- MATERIAL PROVIDED
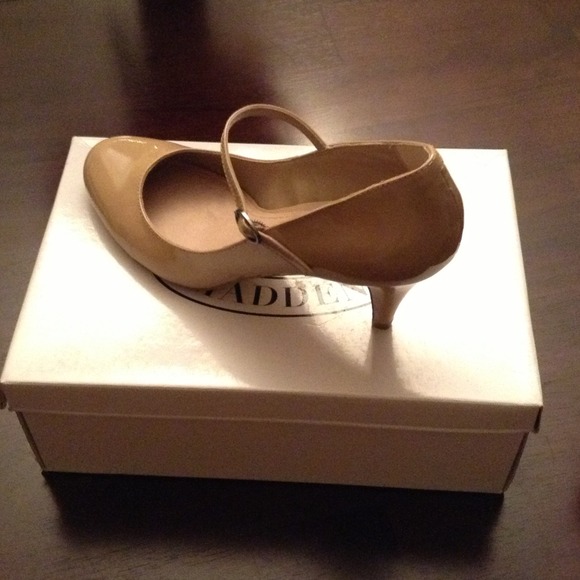 🚫 SOLD in bundle🚫 Patent Leather Pump - Picture 4 of 4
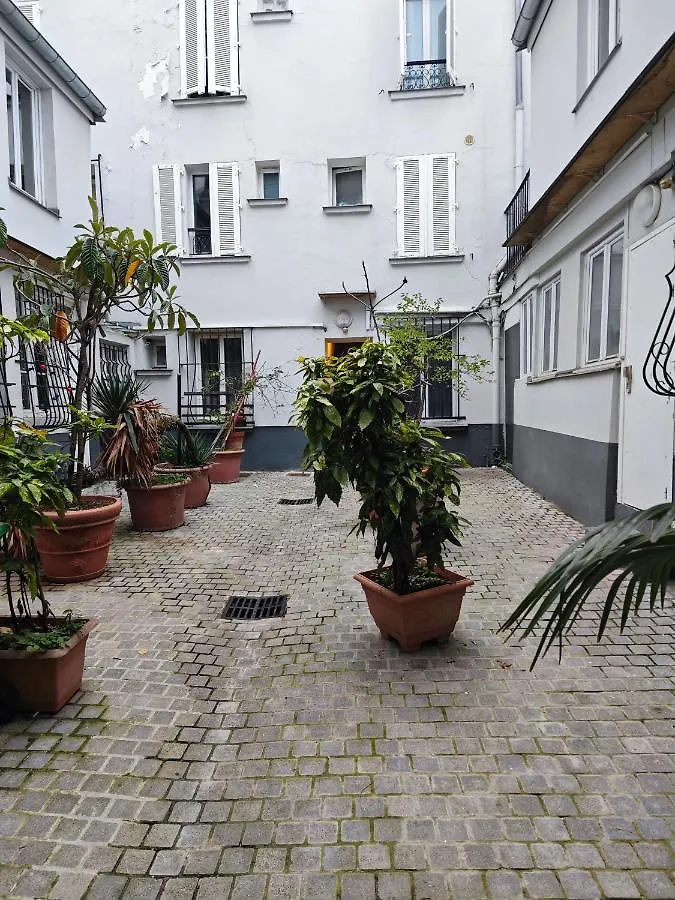 Apartment Appart Calme Montmartre Paris France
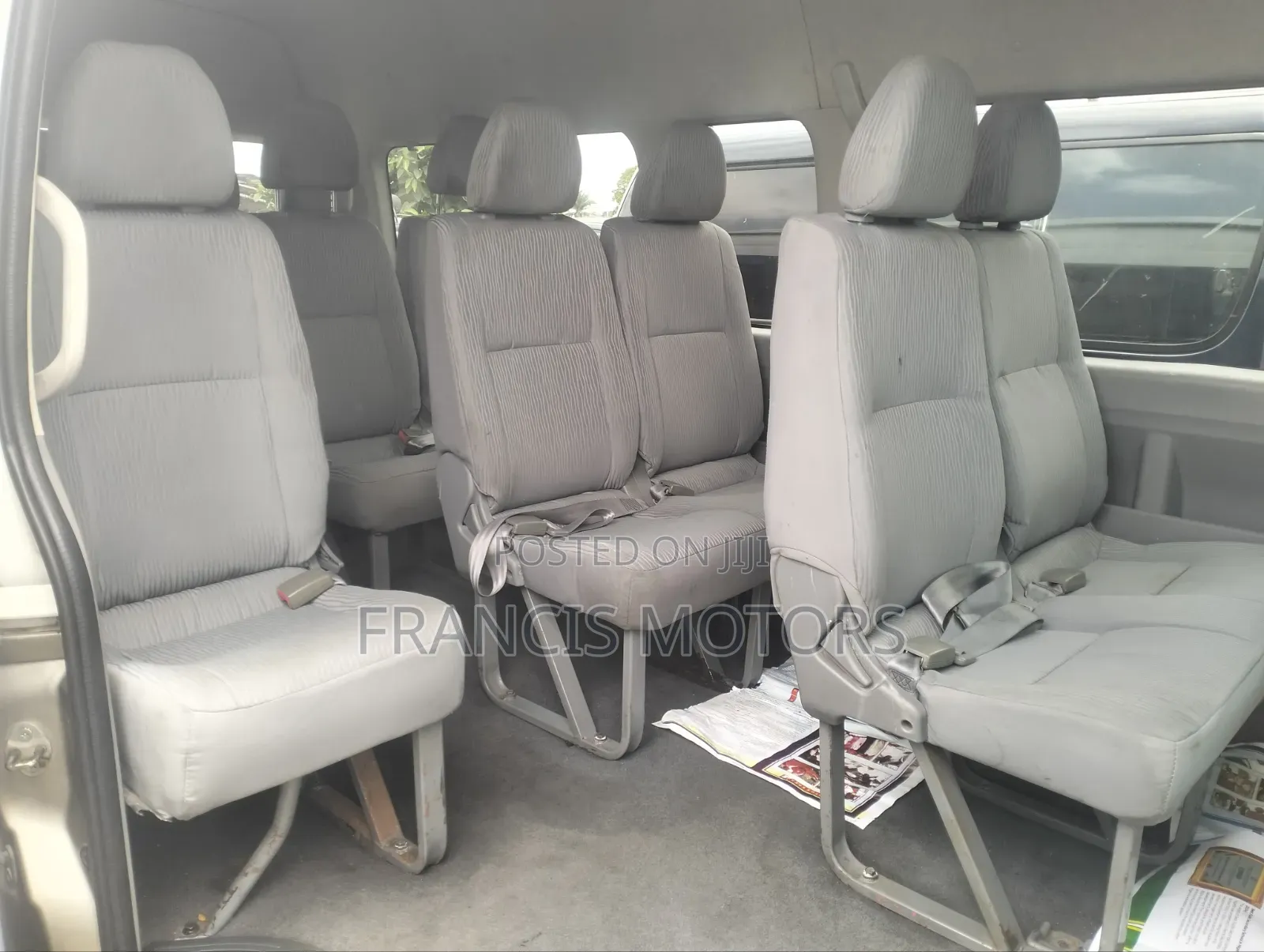 Toyota HiAce 2015 White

- TASK ITEM
All of the data is to be transcribed exactly, with images omitted.

- RESULT
 🚫 SOLD in bundle🚫 Patent Leather Pump - Picture 4 of 4
 Apartment Appart Calme Montmartre Paris France
 Toyota HiAce 2015 White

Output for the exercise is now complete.